## TASK TO COMPLETE
Please copy out the full listing that follows exactly; no picture belongs in the copy.

SUPPLIED MATERIAL Start Marker

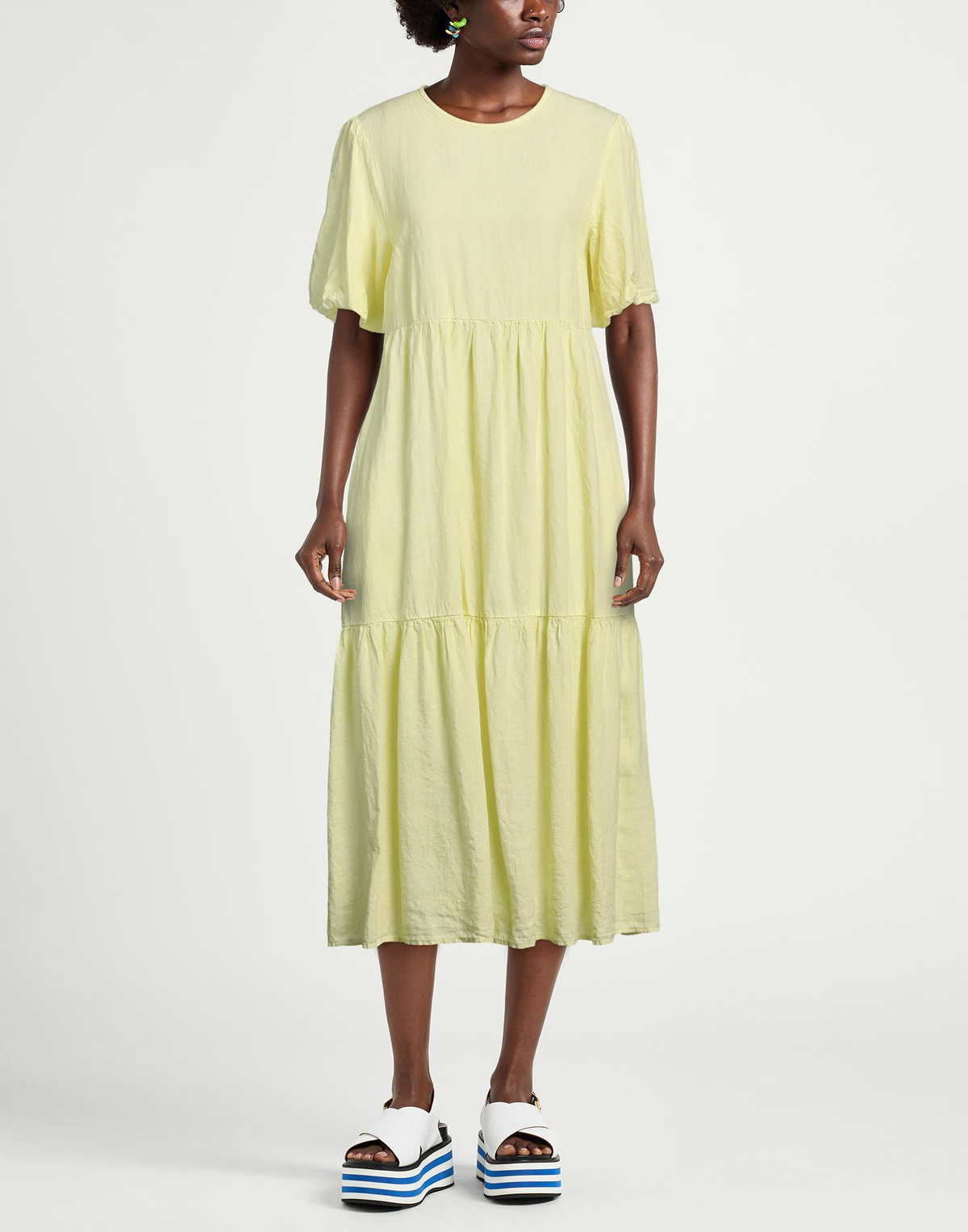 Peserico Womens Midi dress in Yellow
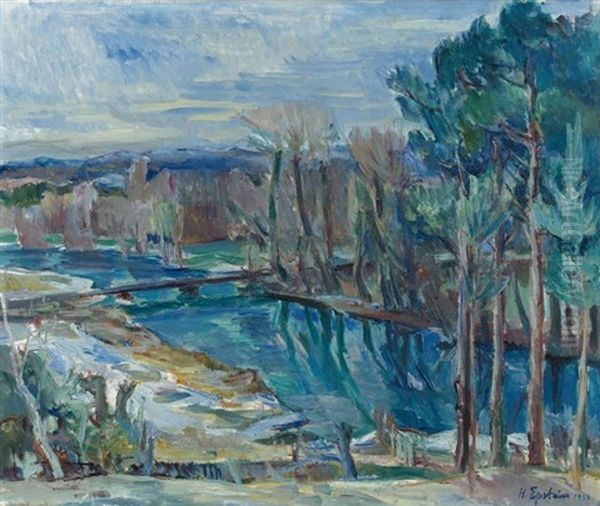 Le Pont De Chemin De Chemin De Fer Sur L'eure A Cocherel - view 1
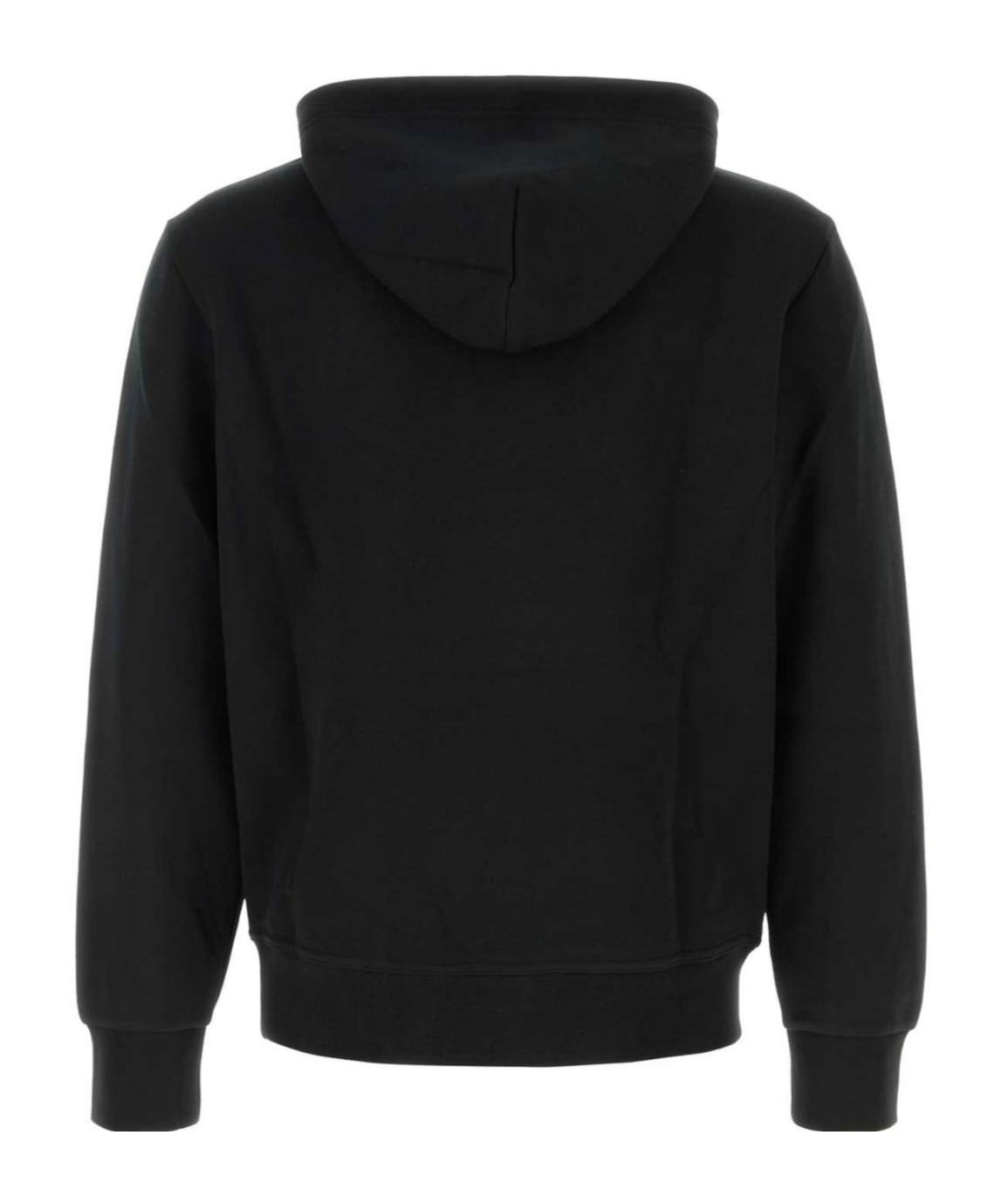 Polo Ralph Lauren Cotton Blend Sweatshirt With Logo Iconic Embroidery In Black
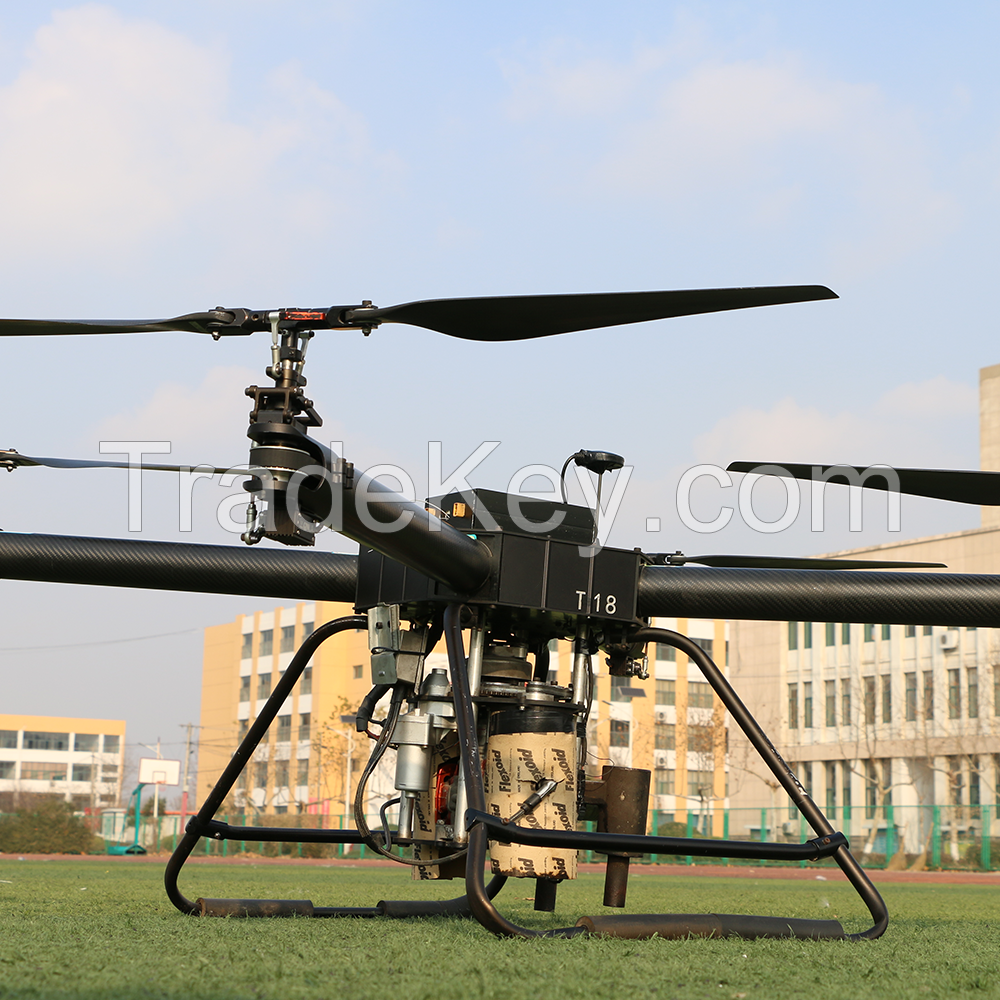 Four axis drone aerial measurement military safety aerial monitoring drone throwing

SUPPLIED MATERIAL End Marker

## ANSWER FOR THIS EXERCISE
 Peserico Womens Midi dress in Yellow
 Le Pont De Chemin De Chemin De Fer Sur L'eure A Cocherel - view 1
 Polo Ralph Lauren Cotton Blend Sweatshirt With Logo Iconic Embroidery In Black
 Four axis drone aerial measurement military safety aerial monitoring drone throwing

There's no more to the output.